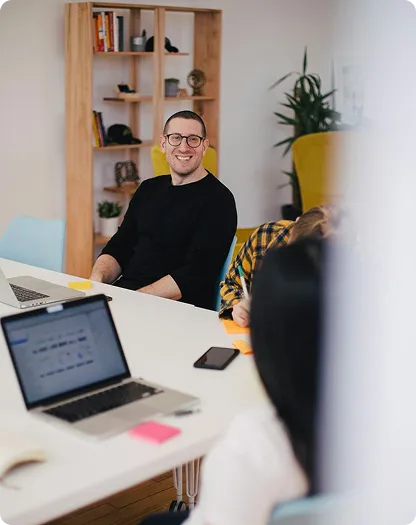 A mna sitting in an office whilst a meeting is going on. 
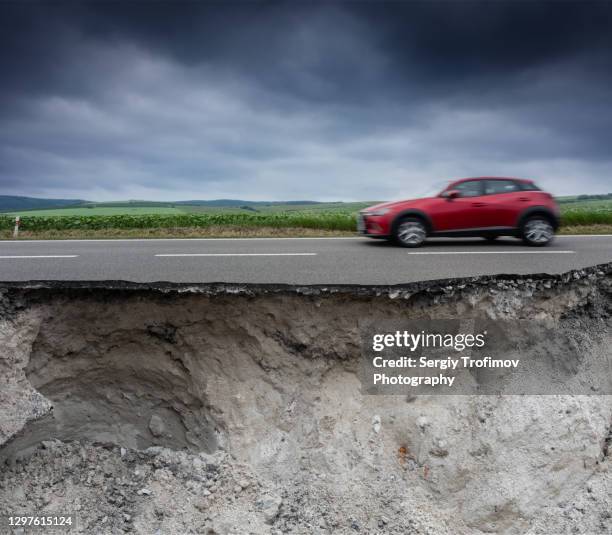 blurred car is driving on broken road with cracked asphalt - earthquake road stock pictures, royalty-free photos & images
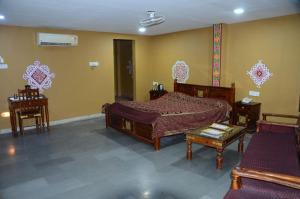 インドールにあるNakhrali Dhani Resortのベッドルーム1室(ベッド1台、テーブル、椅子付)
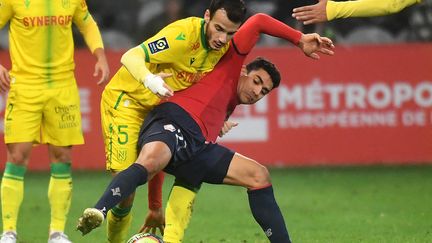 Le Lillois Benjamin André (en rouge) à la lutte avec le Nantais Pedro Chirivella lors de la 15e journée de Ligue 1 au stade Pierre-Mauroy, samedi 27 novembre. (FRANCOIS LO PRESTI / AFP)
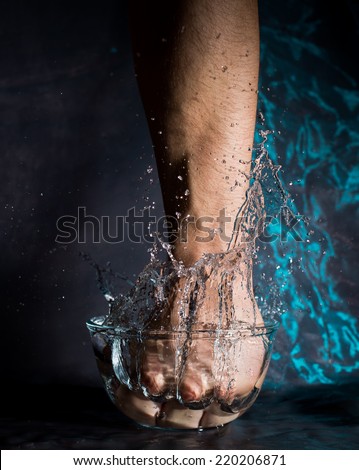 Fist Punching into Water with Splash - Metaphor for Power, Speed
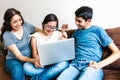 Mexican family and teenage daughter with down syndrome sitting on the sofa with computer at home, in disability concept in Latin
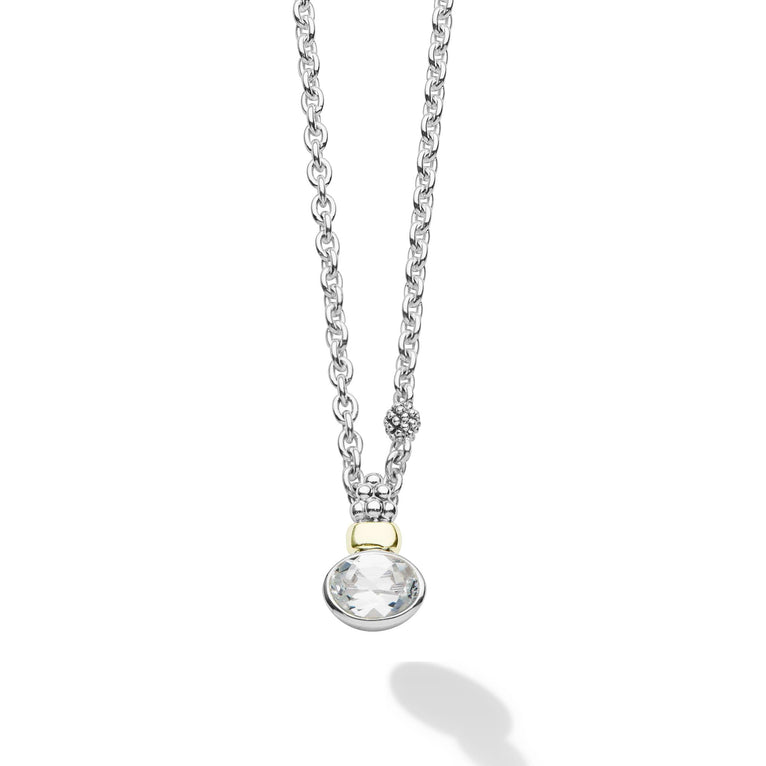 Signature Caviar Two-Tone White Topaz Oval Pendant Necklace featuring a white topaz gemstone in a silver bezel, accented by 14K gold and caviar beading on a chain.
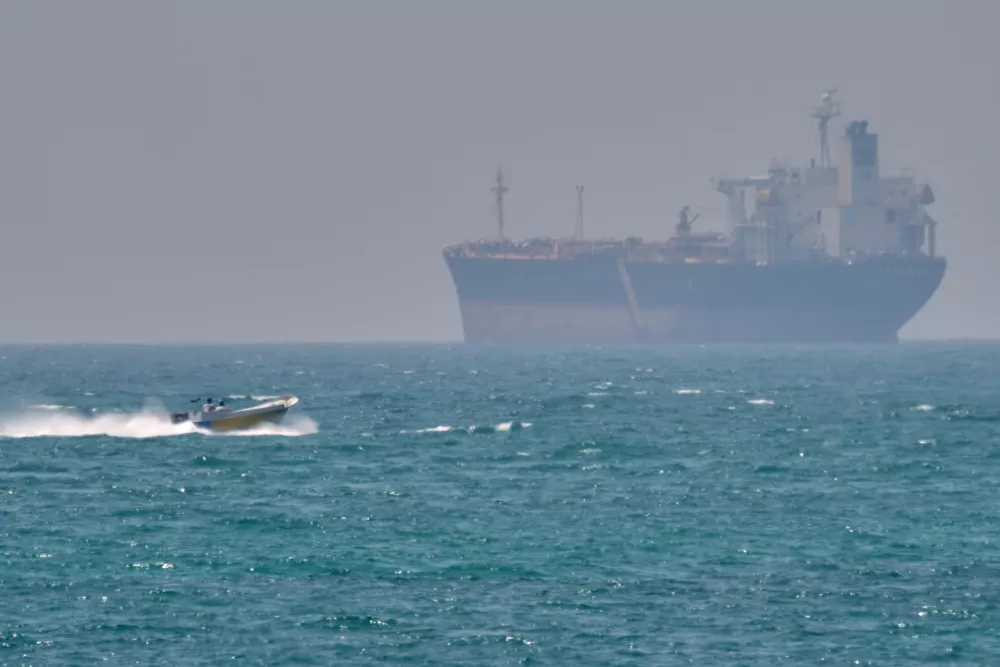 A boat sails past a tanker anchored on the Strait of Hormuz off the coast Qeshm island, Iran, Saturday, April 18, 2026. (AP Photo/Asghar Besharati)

--------------------

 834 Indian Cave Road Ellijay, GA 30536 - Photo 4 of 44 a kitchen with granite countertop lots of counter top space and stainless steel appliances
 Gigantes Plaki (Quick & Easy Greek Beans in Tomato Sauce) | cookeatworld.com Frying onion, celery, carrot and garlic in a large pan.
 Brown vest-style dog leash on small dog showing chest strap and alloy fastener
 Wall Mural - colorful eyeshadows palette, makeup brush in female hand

--------------------

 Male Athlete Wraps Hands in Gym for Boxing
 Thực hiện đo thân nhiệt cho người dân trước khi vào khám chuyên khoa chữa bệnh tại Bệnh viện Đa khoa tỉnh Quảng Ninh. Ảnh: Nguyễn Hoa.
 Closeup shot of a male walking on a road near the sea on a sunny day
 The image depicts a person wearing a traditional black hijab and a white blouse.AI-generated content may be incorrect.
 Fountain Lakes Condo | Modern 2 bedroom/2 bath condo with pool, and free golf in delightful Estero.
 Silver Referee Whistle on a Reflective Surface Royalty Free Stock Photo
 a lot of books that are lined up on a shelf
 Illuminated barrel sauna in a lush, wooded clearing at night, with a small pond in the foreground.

--------------------

__Work to complete__:
Reproduce the lines above beginning at the line that contains "Signature Caviar Two-Tone" and ending at the line that contains "A boat sails". No pictures.

__Task answer__:
 Signature Caviar Two-Tone White Topaz Oval Pendant Necklace featuring a white topaz gemstone in a silver bezel, accented by 14K gold and caviar beading on a chain.
 A boat sails past a tanker anchored on the Strait of Hormuz off the coast Qeshm island, Iran, Saturday, April 18, 2026. (AP Photo/Asghar Besharati)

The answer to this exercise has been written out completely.